SJGC students scramble to get required courses

The SJGC building on FAMU’s campus. Photo courtesy: Rattler Nation

As the spring 2023 semester began, students in Florida A&M University’s School of Journalism & Graphic Communication were having a hard time getting enrolled in required courses. Some were in a near-panic because without those required courses, they won’t be eligible to apply for graduation this semester.

Beyla Walker, a graduating senior at FAMU, experienced issues when trying to enroll into an oral engagement course she needed — although it wasn’t actually being offered by FAMU this semester due to a lack of instructors.

“There was an email sent out for students to submit the courses they needed and oral engagement was one of the top courses we needed in order to graduate,” Walker said. “They ended up opening the course and having to find a qualified instructor to teach the course.

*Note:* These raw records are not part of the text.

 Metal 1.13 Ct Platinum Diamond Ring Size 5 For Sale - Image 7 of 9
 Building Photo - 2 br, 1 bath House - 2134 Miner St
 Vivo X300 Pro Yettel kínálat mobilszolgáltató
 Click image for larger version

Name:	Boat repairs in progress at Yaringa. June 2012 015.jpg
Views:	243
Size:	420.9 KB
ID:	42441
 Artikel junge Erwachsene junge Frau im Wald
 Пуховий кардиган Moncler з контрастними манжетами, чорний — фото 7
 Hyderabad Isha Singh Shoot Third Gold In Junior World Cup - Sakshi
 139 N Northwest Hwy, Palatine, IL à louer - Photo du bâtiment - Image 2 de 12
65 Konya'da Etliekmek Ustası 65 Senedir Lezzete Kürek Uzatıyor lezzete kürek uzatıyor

“In the future, I hope more qualified people apply to teach at FAMU. Maybe that way we as students don’t have to stress so much about completing graduation requirements.”

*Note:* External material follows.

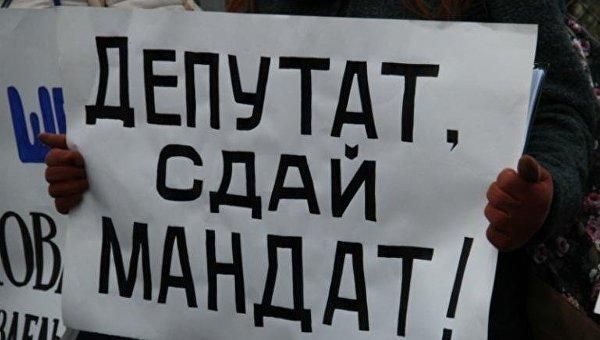 Сразу четыре депутата лишись мандатов за утрату доверия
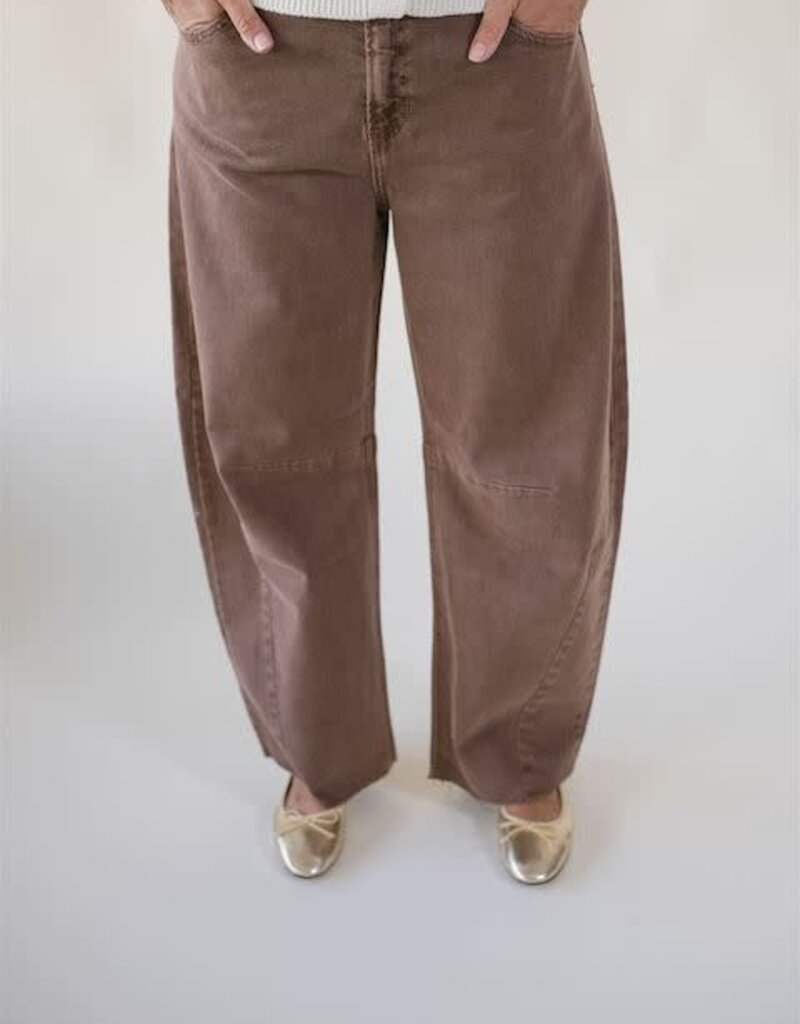 Just Black Vintage Espresso Barrel Jean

It seems a lack of instructors isn’t the only issue SJGC  is facing. There is also a lack of advisers for the school. During the fall semester, both of the assigned advisers either left or got promoted, leaving SJGC scrambling to hire more qualified individuals to assist in everyday student needs.

Robert Tucker II, a senior broadcast journalism major, was unable to find the necessary courses he needed and he also was without help in figuring out a solution.

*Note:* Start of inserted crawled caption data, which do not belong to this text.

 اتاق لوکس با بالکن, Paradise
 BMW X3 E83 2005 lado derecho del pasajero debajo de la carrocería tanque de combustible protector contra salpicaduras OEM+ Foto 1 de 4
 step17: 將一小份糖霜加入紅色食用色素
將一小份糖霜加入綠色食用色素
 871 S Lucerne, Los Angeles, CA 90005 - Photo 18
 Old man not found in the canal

“I believe the lack of advisers was a pivotal issue in getting my classes situated, along with other things,” Tucker said. “I had to go and speak to every administrator in the School of Journalism and Graphic Communication to figure out the matter. When I spoke with them, I also had to provide them with a list of over a dozen student names who were upset with potentially being set back. It was at that point it became a must that they found a way to make things better,” he said.

One would think the chaotic start to the new semester would end there, but a few students experienced even more dramatic experiences.

Khalyn Harris, a graduating senior, had an almost unthinkable thing happen while she was trying to swap a course into one of the required courses.

“I was trying to switch one of my classes so that I can have all of the required courses I needed for graduation when my adviser just disappeared and never responded to me,” Harris said. “I had to go to the head of the school to get assistance and even then I had to wait three to four days before someone reached out to help.”